## EXERCISE OBJECTIVE
Go through the lines below and repeat each one exactly, skipping pictures.

## DATASET EXTRACT
------------------------------------

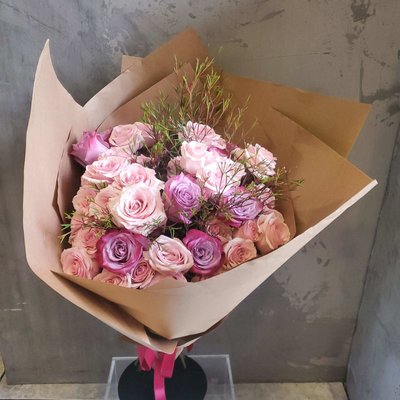 Custom name Flower boquet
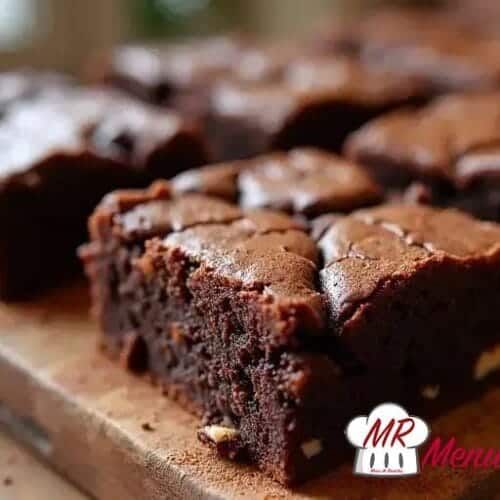 Brownie vegano de cacau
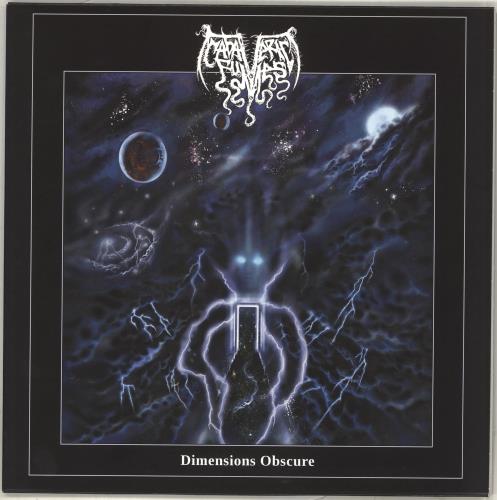 Cadaveric Fumes Dimensions Obscure - Purple Vinyl vinyl LP album (LP record) Swedish ZCDLPDI715940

------------------------------------

## EXERCISE RESPONSE
 Custom name Flower boquet
 Brownie vegano de cacau
 Cadaveric Fumes Dimensions Obscure - Purple Vinyl vinyl LP album (LP record) Swedish ZCDLPDI715940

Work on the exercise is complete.